◆ **WHAT YOU NEED TO DO**: Return each record word for word, keeping none of its pictures.

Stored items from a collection
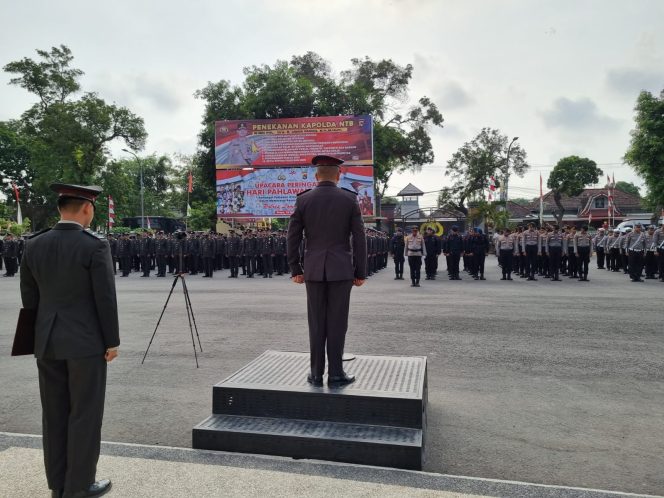 
 Polres Loteng Gelar Upacara Dalam Rangka Memperingati Hari Pahlawan 10 November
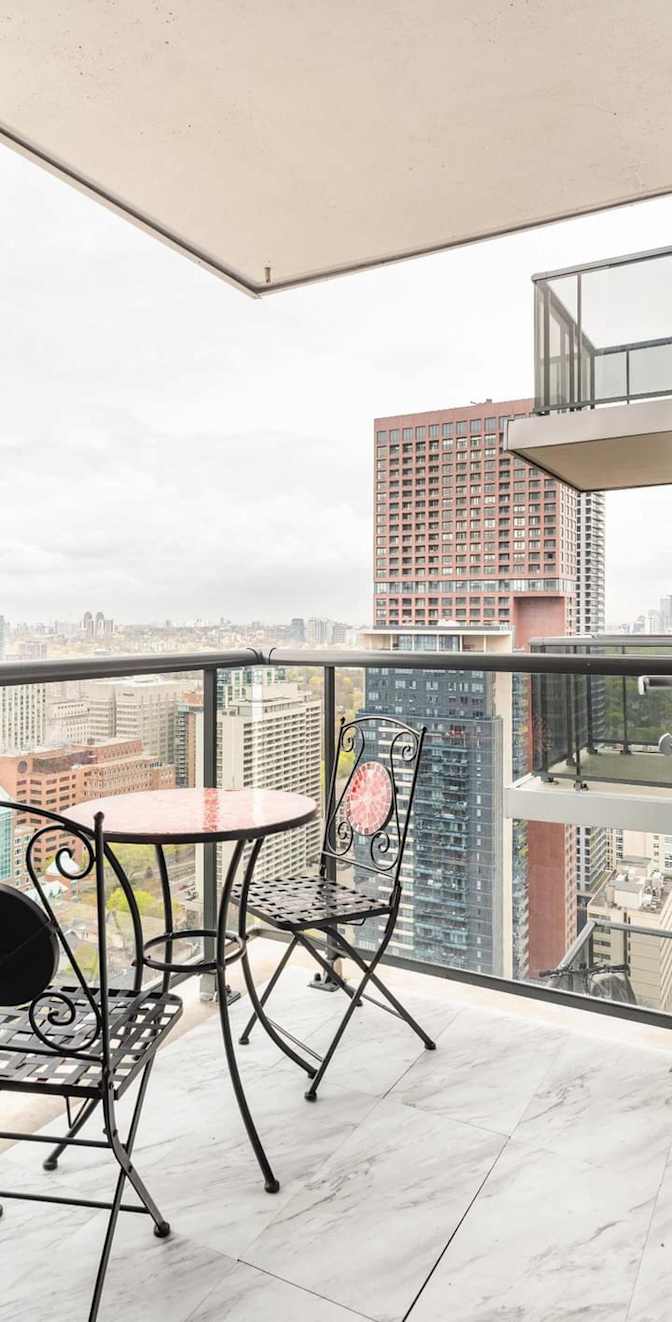 Joel orellana's room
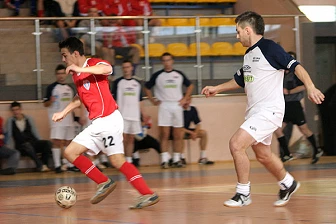 Zdjęcia z albumu 2007-02-03 - Halowy Turniej Piłki Nożnej z okazji Jubileuszu 80-lecia KS Skra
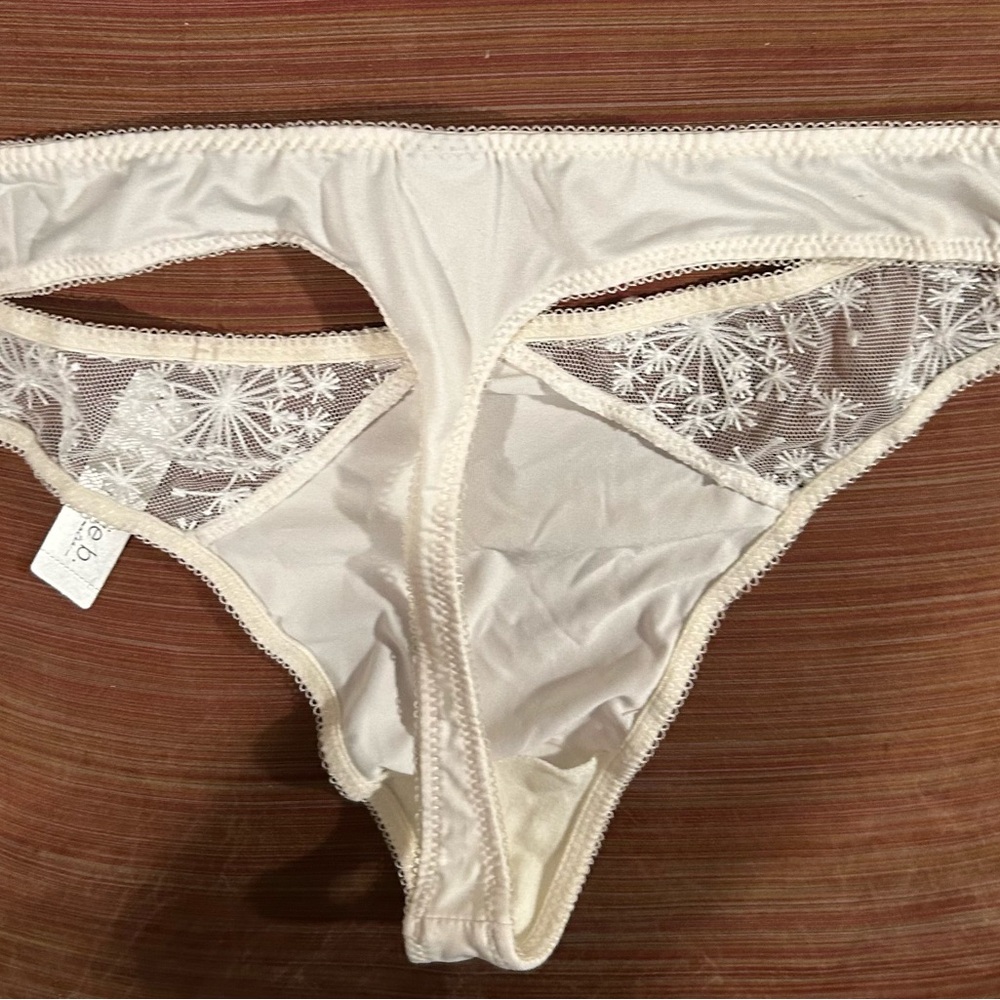 Sophie B lace thong XL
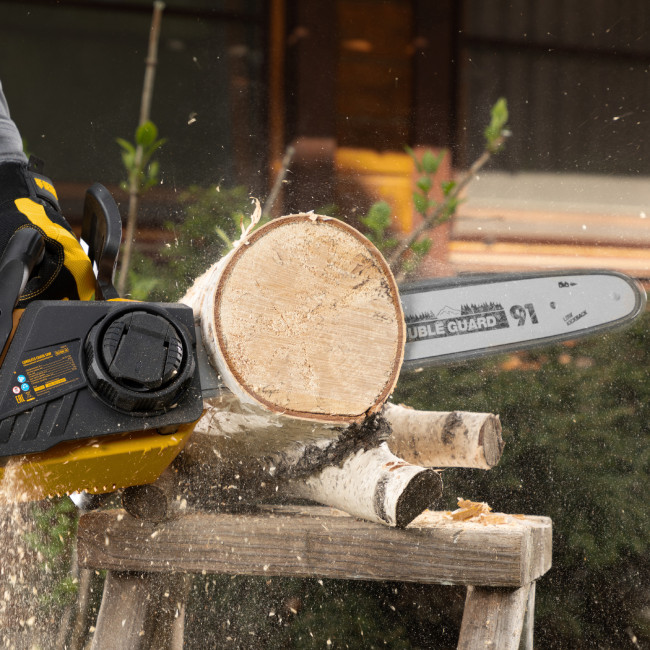 Цепная пила аккумуляторная бесщеточная RCS400-36, Li-ion, 36 В, 4 Ач, шина 400 мм Denzel в Ижевске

◆ **YOUR RESPONSE**:
 Polres Loteng Gelar Upacara Dalam Rangka Memperingati Hari Pahlawan 10 November
 Joel orellana's room
 Zdjęcia z albumu 2007-02-03 - Halowy Turniej Piłki Nożnej z okazji Jubileuszu 80-lecia KS Skra
 Sophie B lace thong XL
 Цепная пила аккумуляторная бесщеточная RCS400-36, Li-ion, 36 В, 4 Ач, шина 400 мм Denzel в Ижевске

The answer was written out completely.